Einig dürften sich alle Anwesenden in folgendem Punkt einig sein: Studiengebühren ohne flankierende Maßnahmen (Stipendien etc.) führen dazu, dass der Zugang zu Bildung vom Inhalt des Geldbeutels und nicht - wie es sein sollte - von dem des Kopfes abhängt.
Ist es mehrheitsfähig, diesen Zustand umzukehren, indem die Unis selbst Zugangsprüfungen durchführen, um die für den jeweiligen Studiengang geeignetsten auszuwählen und sich vor dem Ansturm des geistigen Mittelmaßes zu schützen?

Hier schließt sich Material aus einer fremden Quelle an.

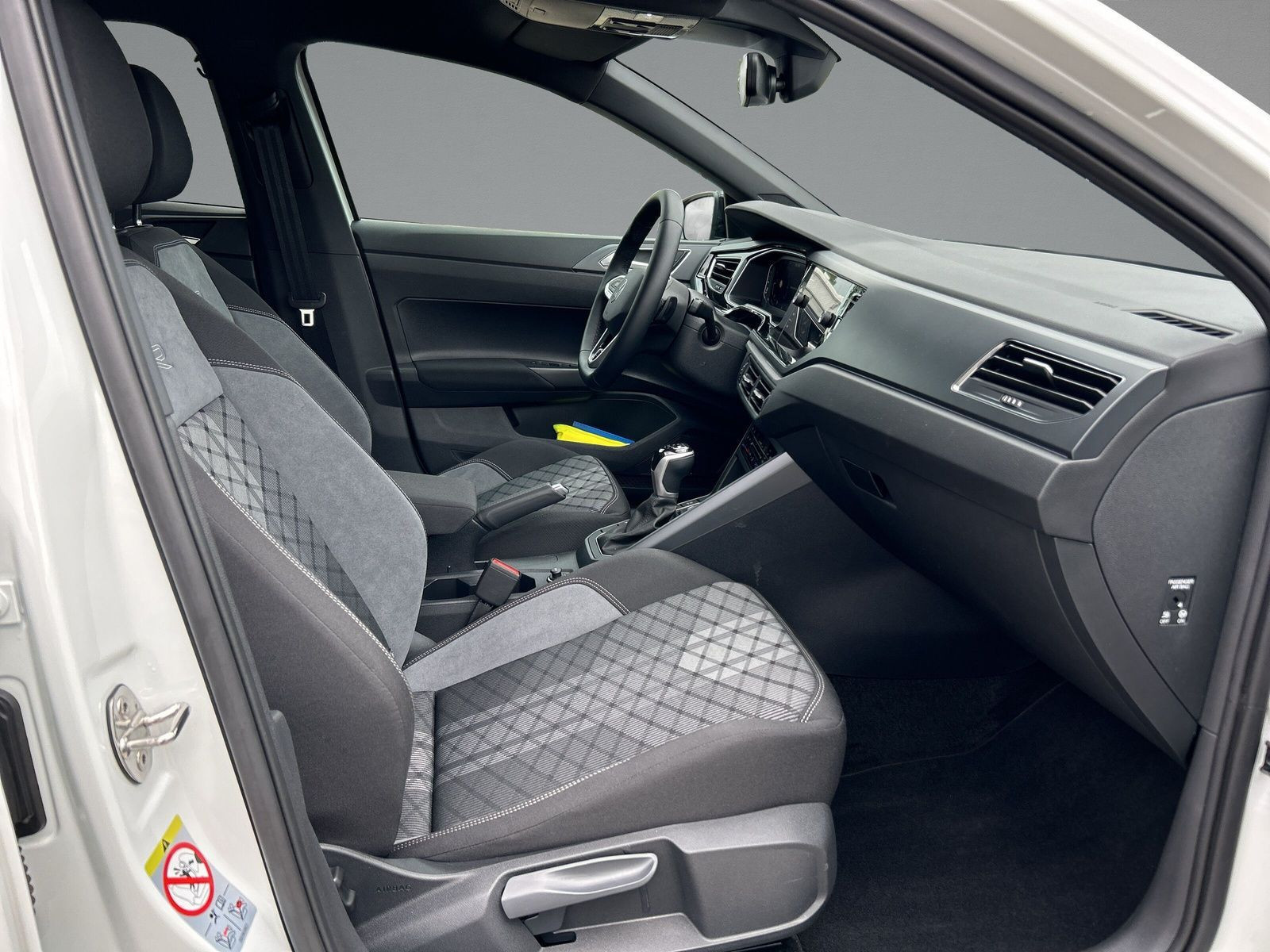 Volkswagen - Polo_13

Das Abitur, das diese Aufgabe einst hatte, leistet Vergleichbares nicht mehr: Nicht nur, dass heute praktisch jeder ein solches Zeugnis bekommen kann, egal, wie klug oder dumm er ist - es ist auch "geistige Querfinanzierung" möglich: Wer in Sport mit 14 Punkten reüssiert, kann seinen Notendurchschnitt evtl. auf einen Level anheben, der den Zugang zum heißbegehrten Jura- oder Medizinstudium sichert, obwohl der Kandidat für ein solches evtl. überhaupt nicht geeignet ist und sich infolgedessen nach ein paar Semestern in das Heer der Abbrecher einreiht.
Wärt Ihr bereit, ein Bildungssystem zu unterstützen, das - wie bisher - gebührenfrei bleibt, aber zu Beginn des Studiums Zugangsprüfungen vorsieht, die nur die besten Anwärter bestehen?
Addendum:
Vor wessen geistigem Auge jetzt Bilder riesiger Hörsäle, gefüllt mit angstschweißüberströmten Studienplatzanwärtern entstehen, welche mit hochrotem Kopf und zitternder Hand den Zulassungstest bearbeiten (Tramontana - die sprachliche Antwort des Unicum-Forums auf Hieronymus Bosch - könnte das sicher wesentlich epischer, schwülstiger und ausdrucksstärker formulieren...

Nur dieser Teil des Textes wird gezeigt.